SCYON Abstract

Received on January 4 2001

On the variation of the Initial Mass Function

AuthorsPavel Kroupa
AffiliationUniversity of Kiel
Accepted byMonthly Notices of the Royal Astronomical Society


In this contribution an average or Galactic-field IMF is defined, stressing that there is evidence for a change in the power-law index at only two masses: near 0.5 MO and 0.08 MO. Using this supposed universal IMF, the uncertainty inherent to any observational estimate of the IMF is investigated, by studying the scatter introduced by Poisson noise and the dynamical evolution of star clusters. It is found that this apparent scatter reproduces quite well the observed scatter in power-law index determinations, thus defining the fundamental limit within which any true variation becomes undetectable. The absence of evidence for a variable IMF means that any true variation of the IMF in well studied populations must be smaller than this scatter.
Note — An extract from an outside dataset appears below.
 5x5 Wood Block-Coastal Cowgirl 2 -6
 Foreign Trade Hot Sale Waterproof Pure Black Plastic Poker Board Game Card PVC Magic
Determinations of the power-law indices "alpha" are subject to systematic errors arising mostly from unresolved binaries. The systematic bias is quantified here, with the result that the single-star IMFs for young star-clusters are systematically steeper by "Delta" "alpha" ~ 0.5 between 0.1 and 1 MO than the Galactic-field IMF, which is populated by, on average, about 5 Gyr old stars. The MFs in globular clusters appear to be, on average, systematically flatter than the Galactic-field IMF (Piotto & Zoccali 1999; Paresce & De Marchi 2000), and the recent detection of ancient white-dwarf candidates in the Galactic halo and absence of associated low-mass stars (Méndez & Minniti 2000; Ibata et al. 2000) suggests a radically different IMF for this ancient population. Star-formation in higher-metallicity environments thus appears to produce relatively more low-mass stars. While still tentative, this is an interesting trend, being consistent with a systematic variation of the IMF as expected from theoretical arguments.